§ **EXERCISE DIRECTIONS**
Each line in the material below, starting at the one with "Deluxe Room, Henrietta Experimental" and ending at the one with "Breivik, här på", is to be reproduced exactly; no picture is to be copied.

§ **INFORMATION SHOWN**
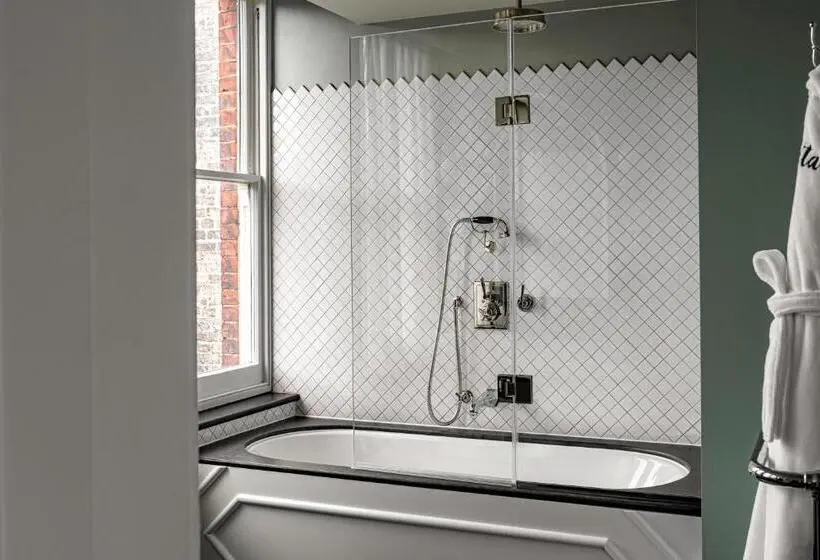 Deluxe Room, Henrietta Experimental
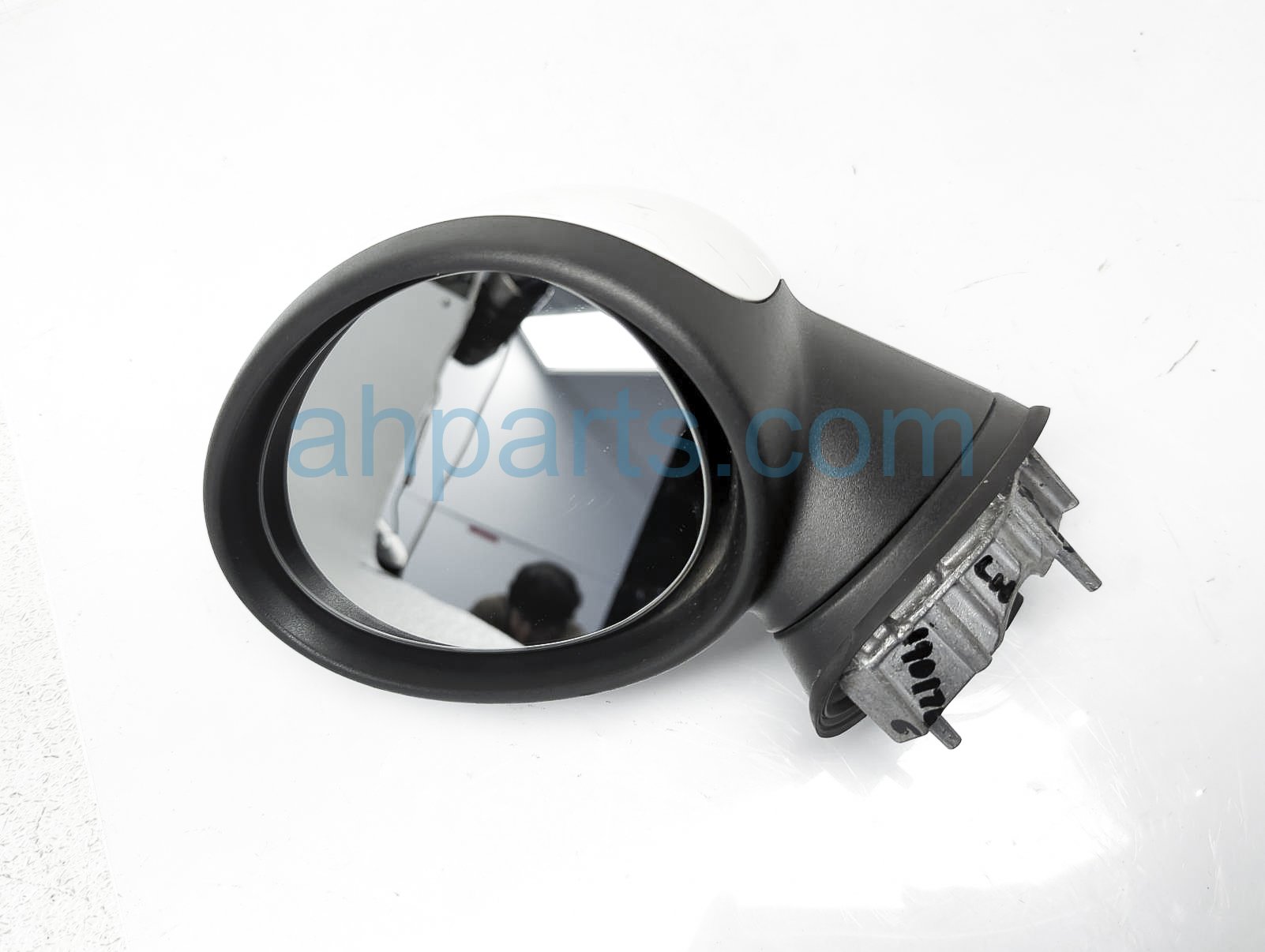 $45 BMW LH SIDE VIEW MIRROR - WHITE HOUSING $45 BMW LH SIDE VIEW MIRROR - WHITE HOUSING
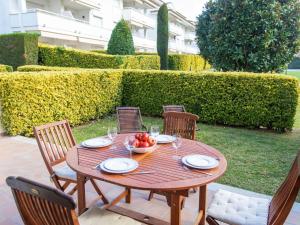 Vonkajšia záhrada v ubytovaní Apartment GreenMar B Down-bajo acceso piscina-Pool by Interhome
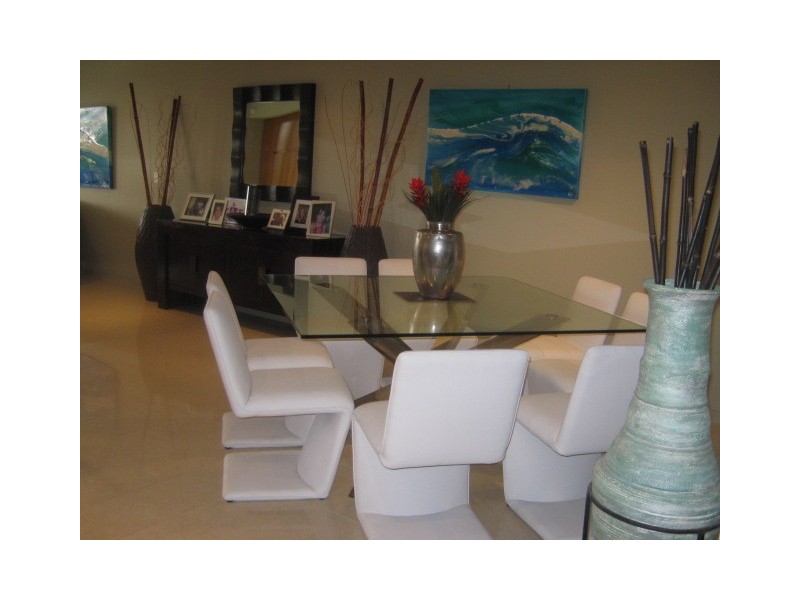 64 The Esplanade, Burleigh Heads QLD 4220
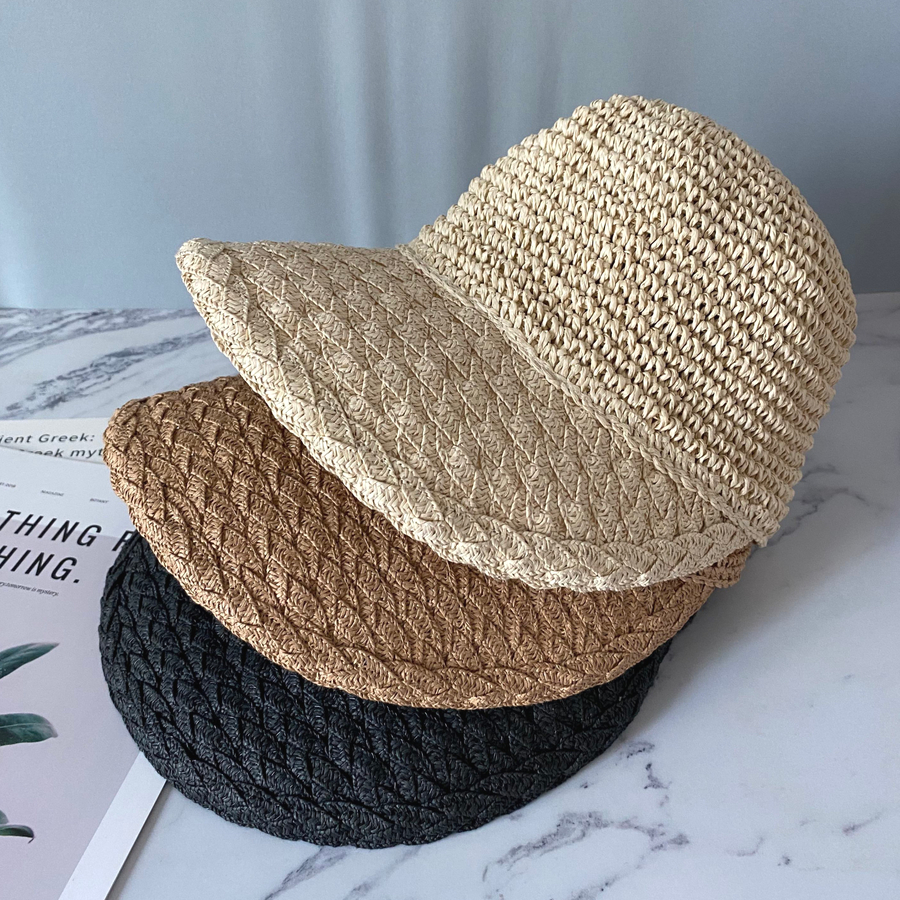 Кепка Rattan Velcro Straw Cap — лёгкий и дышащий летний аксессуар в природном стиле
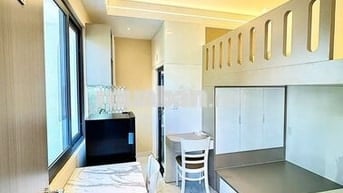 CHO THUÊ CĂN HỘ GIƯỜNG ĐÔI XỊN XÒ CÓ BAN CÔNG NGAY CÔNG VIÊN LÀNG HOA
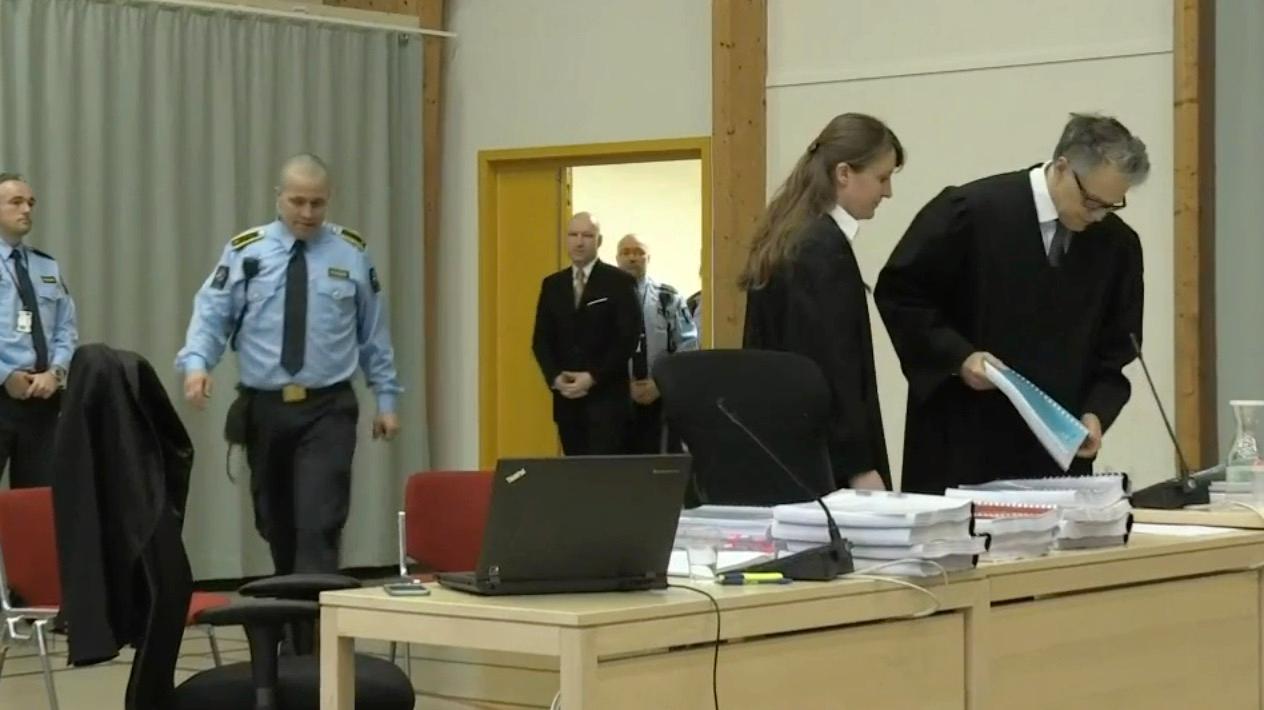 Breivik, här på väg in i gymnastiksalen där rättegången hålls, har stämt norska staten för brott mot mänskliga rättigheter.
==
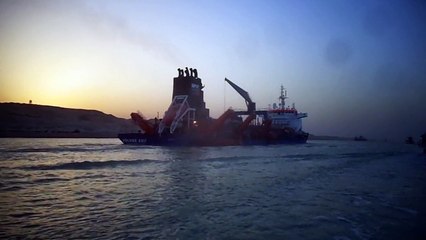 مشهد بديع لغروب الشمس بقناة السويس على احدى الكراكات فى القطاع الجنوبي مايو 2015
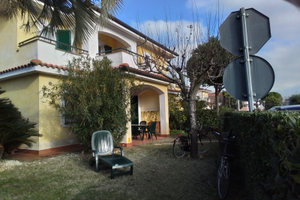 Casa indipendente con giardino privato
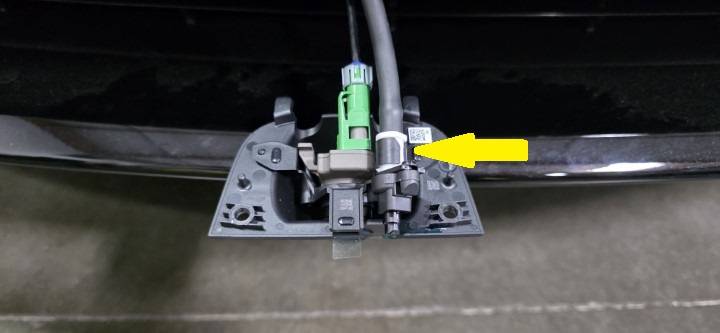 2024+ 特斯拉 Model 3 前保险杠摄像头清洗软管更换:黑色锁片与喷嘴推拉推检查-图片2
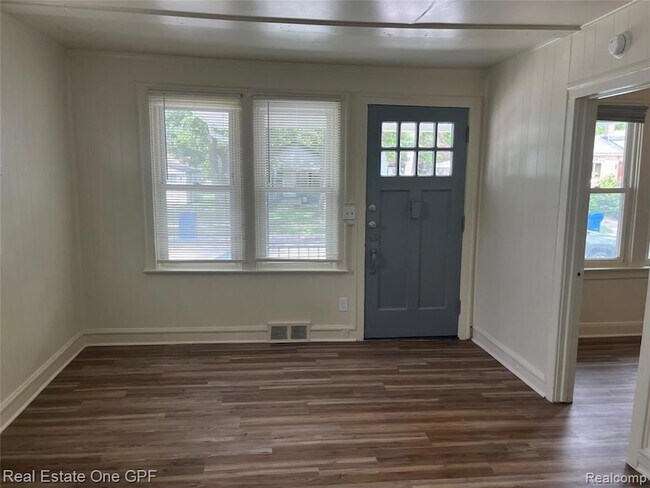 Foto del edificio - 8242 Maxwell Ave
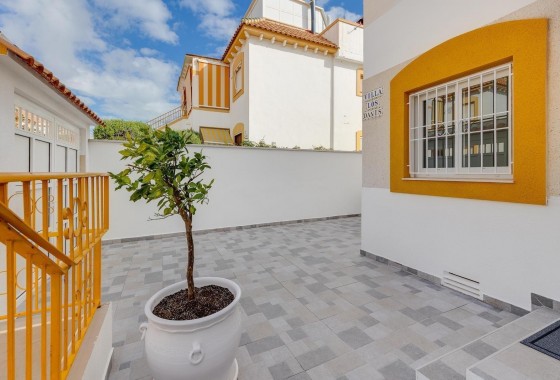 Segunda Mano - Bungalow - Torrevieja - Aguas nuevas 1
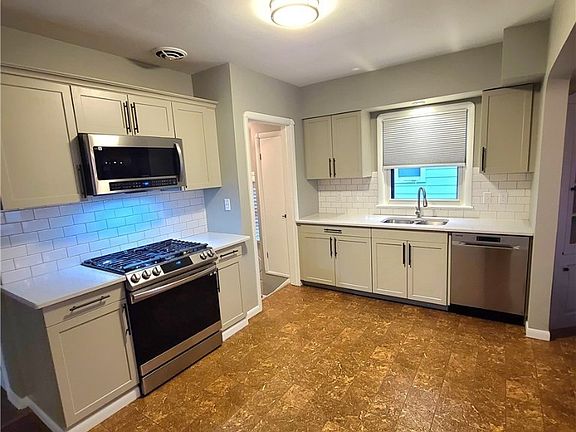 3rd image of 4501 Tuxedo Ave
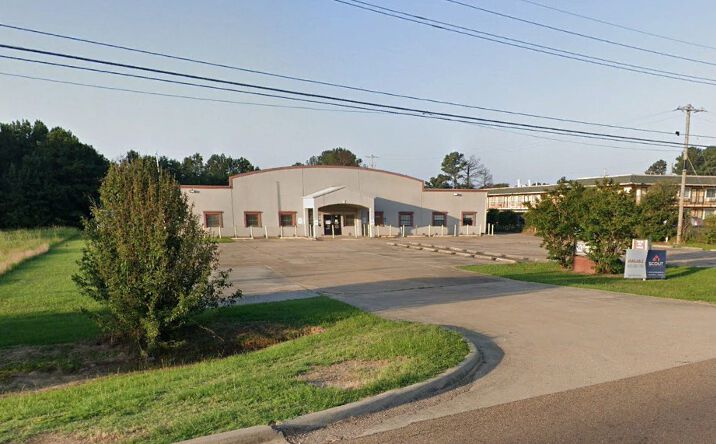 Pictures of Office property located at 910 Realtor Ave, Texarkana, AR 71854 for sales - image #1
==
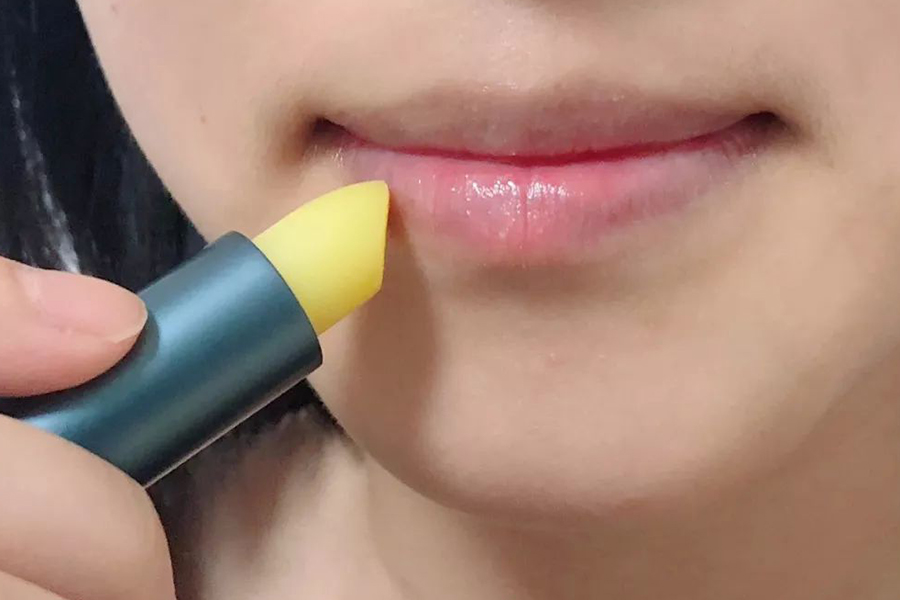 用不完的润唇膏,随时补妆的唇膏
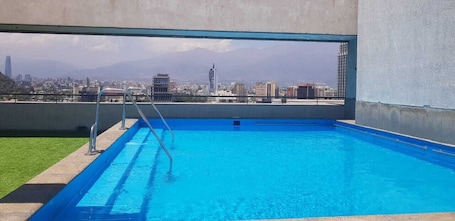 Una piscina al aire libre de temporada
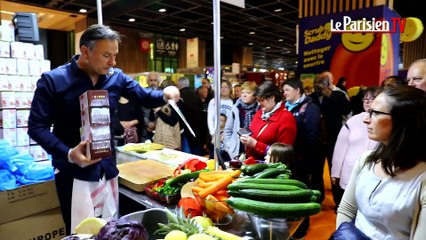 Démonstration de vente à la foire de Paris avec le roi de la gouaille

§ **RESPONSE BELOW**
 Deluxe Room, Henrietta Experimental
 $45 BMW LH SIDE VIEW MIRROR - WHITE HOUSING $45 BMW LH SIDE VIEW MIRROR - WHITE HOUSING
 Vonkajšia záhrada v ubytovaní Apartment GreenMar B Down-bajo acceso piscina-Pool by Interhome
 64 The Esplanade, Burleigh Heads QLD 4220
 Кепка Rattan Velcro Straw Cap — лёгкий и дышащий летний аксессуар в природном стиле
 CHO THUÊ CĂN HỘ GIƯỜNG ĐÔI XỊN XÒ CÓ BAN CÔNG NGAY CÔNG VIÊN LÀNG HOA
 Breivik, här på väg in i gymnastiksalen där rättegången hålls, har stämt norska staten för brott mot mänskliga rättigheter.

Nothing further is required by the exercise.